Je m’appelle Sonia, je suis hongroise et je vis à Paris depuis maintenant 12 ans. Je suis passionnée par le beau et l’utile. Je suis arrivée à Paris en Erasmus. Je pense que cette année d’échange m’a fait beaucoup grandir parce que la Hongrie n’est pas si loin mais il y a beaucoup de différences entre les deux pays. J’ai donc beaucoup progressé durant cette année d’étude et ça m’a énormément plu. C’est à partir de là que je me suis dit : “Si je peux rester, je reste !” (rire). Suite à cela j’ai obtenu une bourse pour faire un Master spécialisé au sein de L’École Nationale Supérieure de Création Industrielle (ENSCI – Les Ateliers) à Paris. Il s’agit d’une école de design assez réputée donc j’étais très contente de pouvoir accéder à cette formation. Par la suite, les événements se sont enchaînés et j’ai voulu mettre à profit ma formation de designer dans ma marque qui s’appelle Sonika Studio.

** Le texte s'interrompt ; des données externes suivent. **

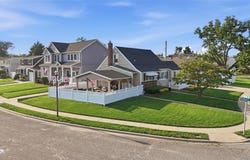 790 Woodside Drive, Wantagh, NY 11793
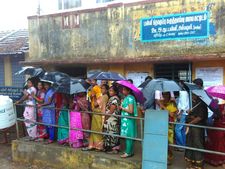 வெள்ளம் பாதித்த சென்னை, காஞ்சி, திருவள்ளூர், கடலூர் மாவட்டங்களில் விறுவிறு வாக்குப் பதிவு..!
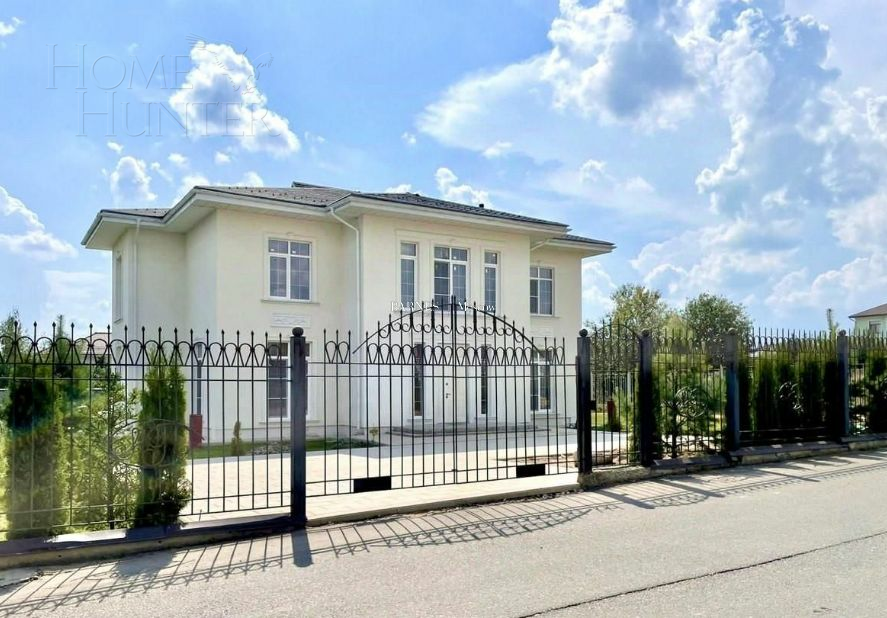 2-этажный коттедж 436 м² с отделкой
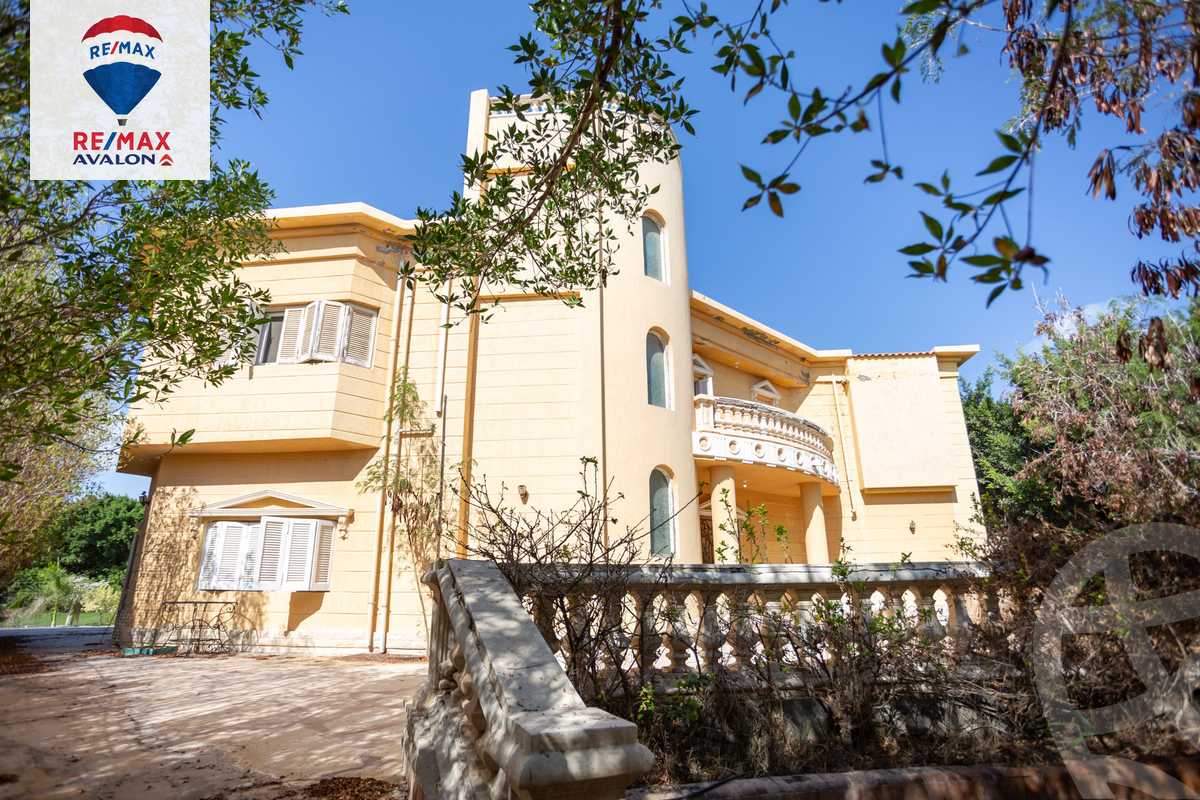 https://aqarmap.com.eg/en/listing/5240061-for-sale-alexandria-sidi-kirayr-qry-sydy-kryr-lqwt-ljwy
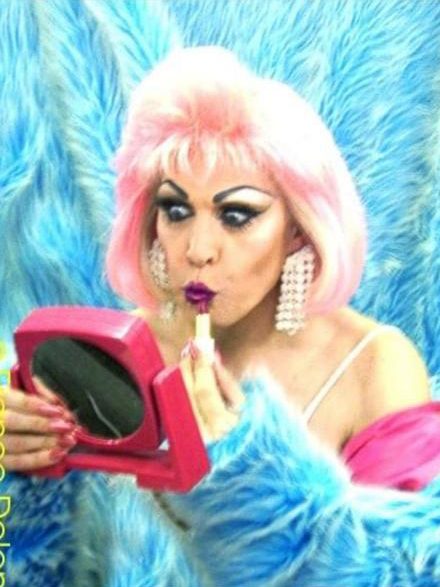 Katharina Blaschke, alias Helene aus SOKO Wismar lacht freundlich in die Kamera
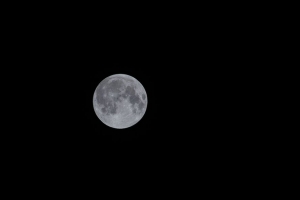 月亮 满月 太空 卫星 黑白 4k壁纸 3840x2160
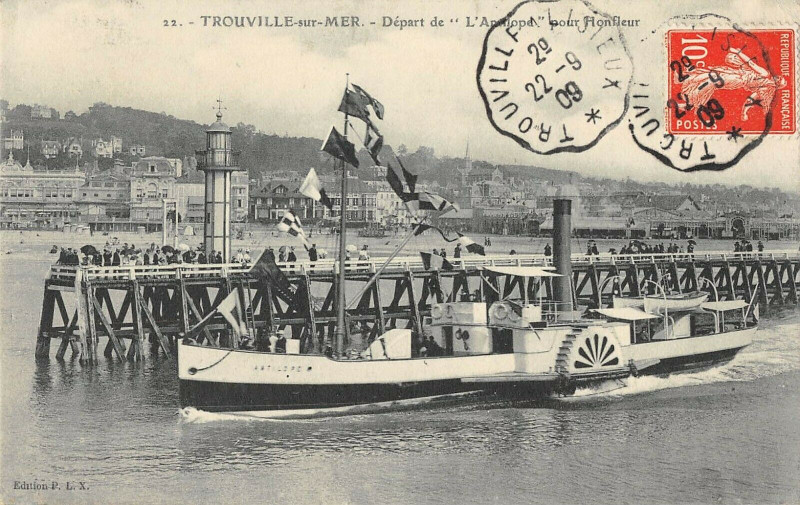 Carte postale ancienne Trouville Sur Mer Depart De L'Antilope Pour Honfleur à Honfleur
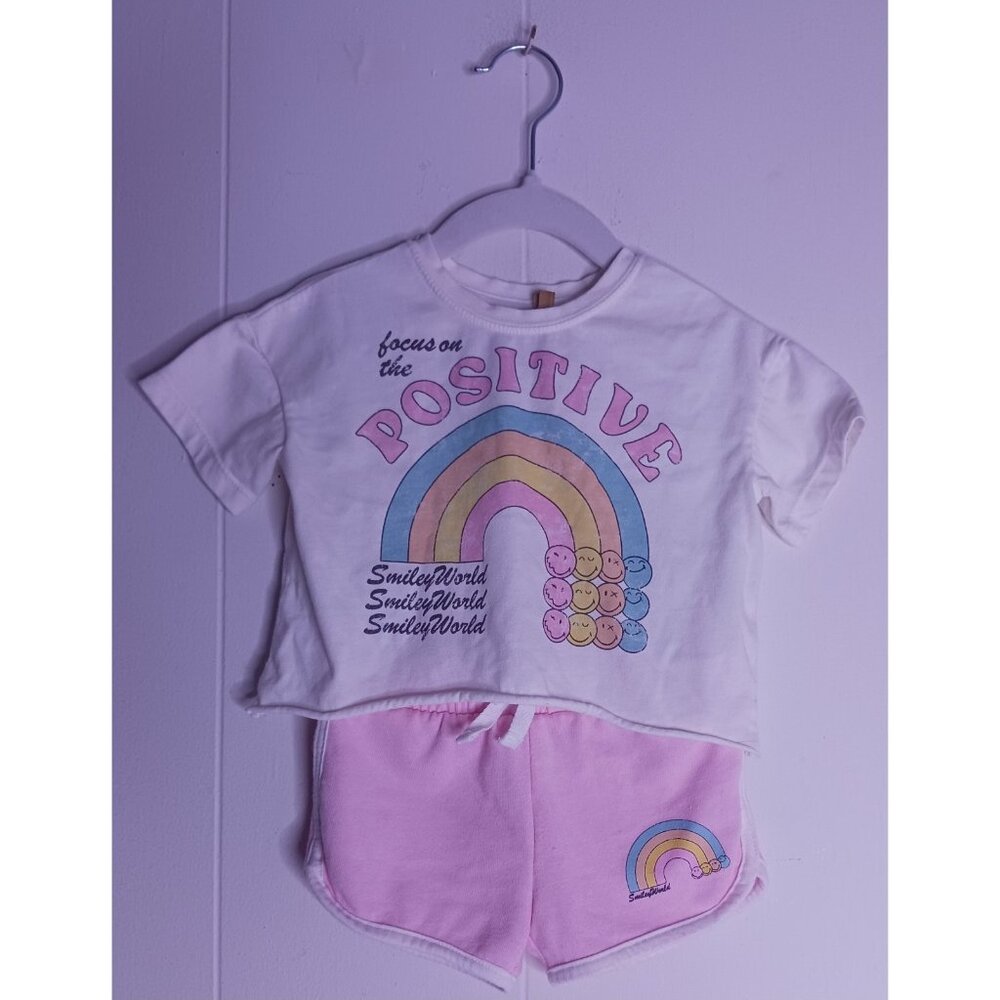 Smiley World Toddler Girl's Size 18 Months Short Sleeve T-Shirt & Shorts Outfit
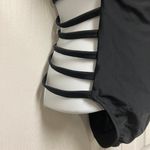 Yira Black Strappy Bottom Halter Neck Strappy Bottom Swimsuit Photo 6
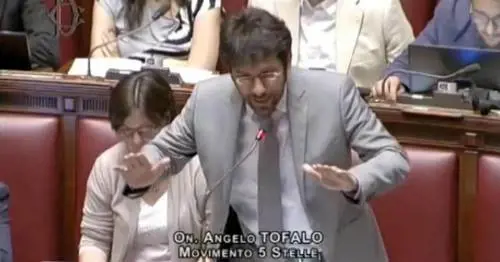 Il grillino che fa il fascista Urla "Boia chi molla" mentre parla la Boldrini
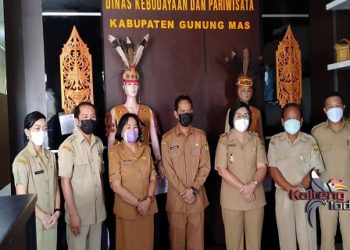 Ruang Pojok Seni Disbudpar Dikunjungi Wabup Gumas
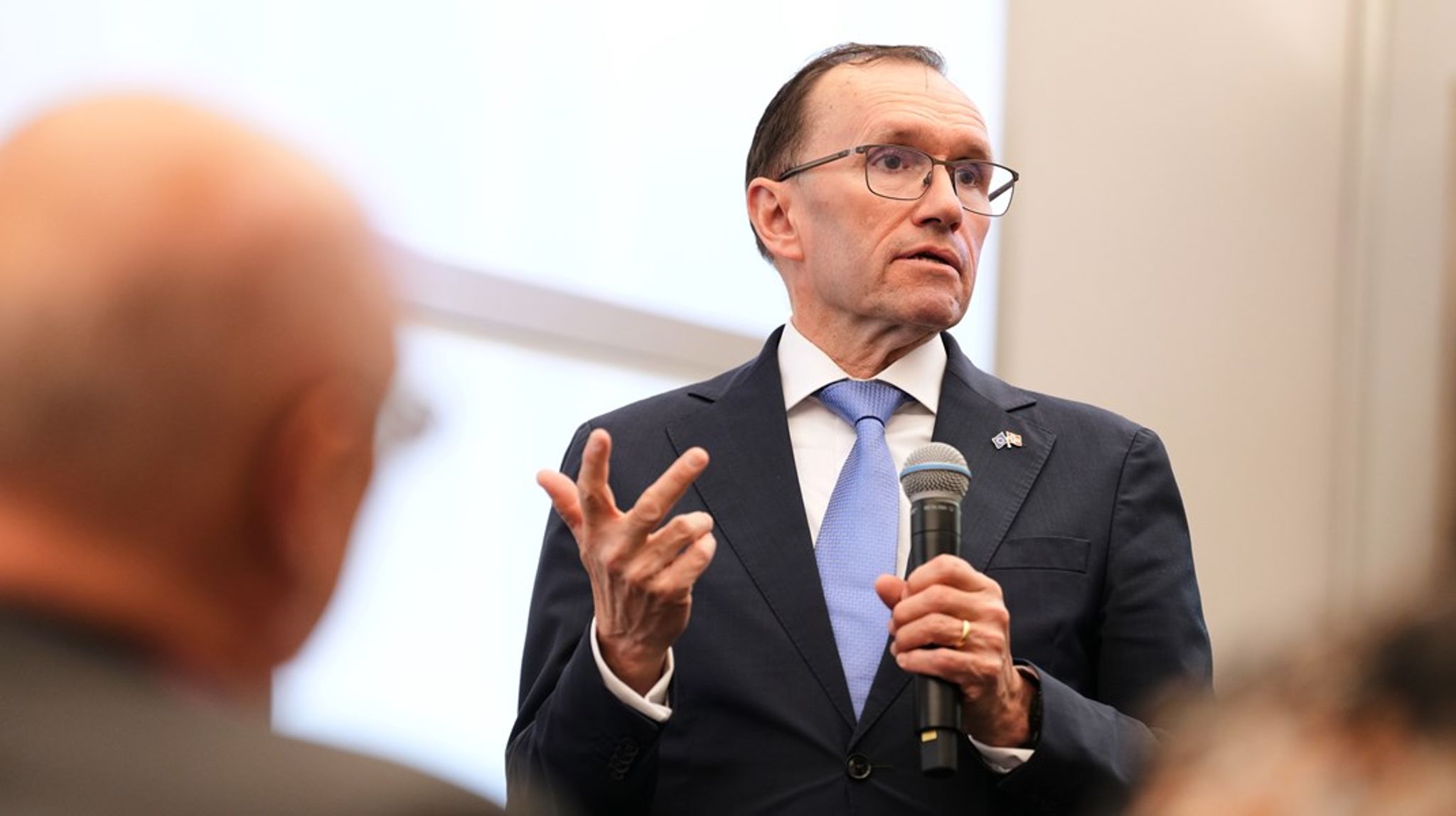 Espen Barth Eide forteller at Norge fikk klar beskjed fra EU under EØS-rådsmøtet: «Vi er glad i dere, men dere må levere bedre». 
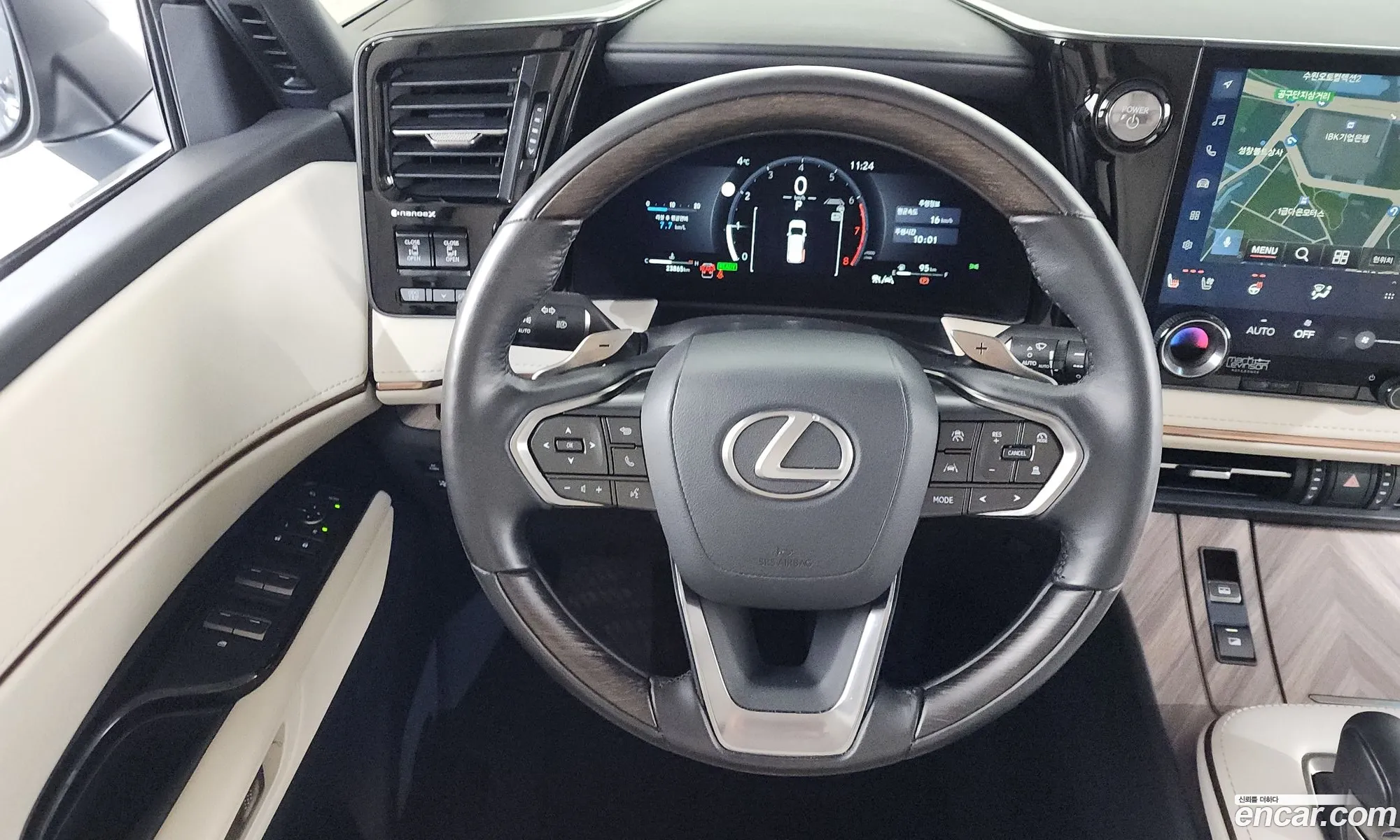 Lexus LM 2024 — 14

J’ai fondé Sonika Studio en 2018, juste avant la pandémie. Après il y a eu une petite pause parce que j’ai eu un bébé entre-temps et que nous avons vécu les différents confinements. J’ai repris mon projet en main l’été dernier avec une campagne de trust funding qui a très bien fonctionné. Grâce à cette collecte, j’ai pu démarrer la production et réellement lancer ma marque. C’est donc tout frais et il y a déjà plein de choses qui se passent pour nous, on est très motivé pour continuer sur cette jolie lancée ! Je suis très contente d’avoir pu faire ce cheminement.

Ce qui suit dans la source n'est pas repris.